### Activity
Your output should be the lines from the one with "Czy deputowani z" through the end of the entries below, set down word for word and nothing else.

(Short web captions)
*-*-*
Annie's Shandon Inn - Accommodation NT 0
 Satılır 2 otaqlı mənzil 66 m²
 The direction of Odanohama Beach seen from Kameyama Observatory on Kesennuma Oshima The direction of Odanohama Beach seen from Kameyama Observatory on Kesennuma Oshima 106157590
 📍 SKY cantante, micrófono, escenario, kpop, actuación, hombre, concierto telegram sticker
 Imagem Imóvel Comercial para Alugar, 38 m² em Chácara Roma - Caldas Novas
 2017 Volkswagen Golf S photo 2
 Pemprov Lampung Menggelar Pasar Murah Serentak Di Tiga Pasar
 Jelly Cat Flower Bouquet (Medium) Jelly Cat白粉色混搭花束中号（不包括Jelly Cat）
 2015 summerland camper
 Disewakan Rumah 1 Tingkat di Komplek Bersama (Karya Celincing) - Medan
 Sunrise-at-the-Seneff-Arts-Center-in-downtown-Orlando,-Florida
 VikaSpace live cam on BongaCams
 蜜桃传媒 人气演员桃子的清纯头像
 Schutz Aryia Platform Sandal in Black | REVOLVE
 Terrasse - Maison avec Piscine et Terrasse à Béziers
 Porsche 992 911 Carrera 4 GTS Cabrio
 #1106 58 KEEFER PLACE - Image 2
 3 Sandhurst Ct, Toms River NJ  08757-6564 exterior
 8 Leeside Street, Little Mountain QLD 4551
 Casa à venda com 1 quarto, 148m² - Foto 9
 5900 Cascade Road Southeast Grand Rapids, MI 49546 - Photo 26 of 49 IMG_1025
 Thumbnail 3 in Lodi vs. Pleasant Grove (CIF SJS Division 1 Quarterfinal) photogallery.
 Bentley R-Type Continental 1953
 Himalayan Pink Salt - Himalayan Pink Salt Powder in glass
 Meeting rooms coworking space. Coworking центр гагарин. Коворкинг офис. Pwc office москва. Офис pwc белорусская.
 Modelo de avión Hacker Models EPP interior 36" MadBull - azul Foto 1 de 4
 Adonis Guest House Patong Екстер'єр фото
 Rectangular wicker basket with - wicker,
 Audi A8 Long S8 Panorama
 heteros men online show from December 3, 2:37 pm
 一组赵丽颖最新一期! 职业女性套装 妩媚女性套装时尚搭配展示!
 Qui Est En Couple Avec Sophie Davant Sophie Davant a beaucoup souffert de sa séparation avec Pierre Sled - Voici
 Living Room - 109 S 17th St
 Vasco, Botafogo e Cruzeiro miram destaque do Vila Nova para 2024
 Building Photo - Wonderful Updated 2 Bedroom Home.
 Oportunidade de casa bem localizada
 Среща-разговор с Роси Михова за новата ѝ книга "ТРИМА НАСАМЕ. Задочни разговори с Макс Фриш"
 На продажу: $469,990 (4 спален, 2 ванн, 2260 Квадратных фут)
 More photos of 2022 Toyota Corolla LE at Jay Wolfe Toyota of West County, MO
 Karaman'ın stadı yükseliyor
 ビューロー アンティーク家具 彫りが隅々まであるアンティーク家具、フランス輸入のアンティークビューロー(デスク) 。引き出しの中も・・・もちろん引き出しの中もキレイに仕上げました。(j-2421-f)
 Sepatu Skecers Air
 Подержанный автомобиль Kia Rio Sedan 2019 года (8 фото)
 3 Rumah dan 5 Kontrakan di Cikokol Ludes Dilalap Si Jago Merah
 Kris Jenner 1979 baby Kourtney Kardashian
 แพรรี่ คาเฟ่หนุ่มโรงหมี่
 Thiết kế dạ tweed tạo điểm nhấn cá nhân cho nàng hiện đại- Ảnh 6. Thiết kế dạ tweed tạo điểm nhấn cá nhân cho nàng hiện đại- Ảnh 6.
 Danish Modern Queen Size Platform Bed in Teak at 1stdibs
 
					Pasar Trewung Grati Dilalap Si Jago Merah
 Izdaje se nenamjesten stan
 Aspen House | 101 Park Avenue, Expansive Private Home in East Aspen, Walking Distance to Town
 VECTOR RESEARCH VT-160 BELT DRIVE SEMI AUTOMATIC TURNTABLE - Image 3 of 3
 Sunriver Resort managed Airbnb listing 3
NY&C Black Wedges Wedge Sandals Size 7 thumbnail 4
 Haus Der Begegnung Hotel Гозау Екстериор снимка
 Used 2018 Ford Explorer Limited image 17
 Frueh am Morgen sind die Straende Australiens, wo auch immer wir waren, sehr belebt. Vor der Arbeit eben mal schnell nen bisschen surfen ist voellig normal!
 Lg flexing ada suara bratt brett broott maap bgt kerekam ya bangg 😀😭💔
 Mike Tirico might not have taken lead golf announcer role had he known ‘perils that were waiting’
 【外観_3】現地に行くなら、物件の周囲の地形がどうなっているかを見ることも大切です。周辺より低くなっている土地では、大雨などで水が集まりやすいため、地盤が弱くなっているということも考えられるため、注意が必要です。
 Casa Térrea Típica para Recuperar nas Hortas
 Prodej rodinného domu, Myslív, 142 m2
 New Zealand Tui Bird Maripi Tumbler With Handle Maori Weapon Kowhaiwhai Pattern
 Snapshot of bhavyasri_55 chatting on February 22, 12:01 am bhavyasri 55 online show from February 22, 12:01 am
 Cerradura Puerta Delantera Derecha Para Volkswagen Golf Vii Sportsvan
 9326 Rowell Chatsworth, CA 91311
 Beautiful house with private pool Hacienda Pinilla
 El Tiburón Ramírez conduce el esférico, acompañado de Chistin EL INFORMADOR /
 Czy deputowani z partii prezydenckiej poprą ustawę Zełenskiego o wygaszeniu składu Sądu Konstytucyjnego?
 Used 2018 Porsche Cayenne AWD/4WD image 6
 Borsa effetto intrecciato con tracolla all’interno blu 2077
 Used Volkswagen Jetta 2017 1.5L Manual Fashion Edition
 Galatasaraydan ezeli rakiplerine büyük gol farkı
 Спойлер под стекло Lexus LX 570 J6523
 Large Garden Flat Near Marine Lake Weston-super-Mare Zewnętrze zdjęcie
*-*-*
### Answer box
 Czy deputowani z partii prezydenckiej poprą ustawę Zełenskiego o wygaszeniu składu Sądu Konstytucyjnego?
 Used 2018 Porsche Cayenne AWD/4WD image 6
 Borsa effetto intrecciato con tracolla all’interno blu 2077
 Used Volkswagen Jetta 2017 1.5L Manual Fashion Edition
 Galatasaraydan ezeli rakiplerine büyük gol farkı
 Спойлер под стекло Lexus LX 570 J6523
 Large Garden Flat Near Marine Lake Weston-super-Mare Zewnętrze zdjęcie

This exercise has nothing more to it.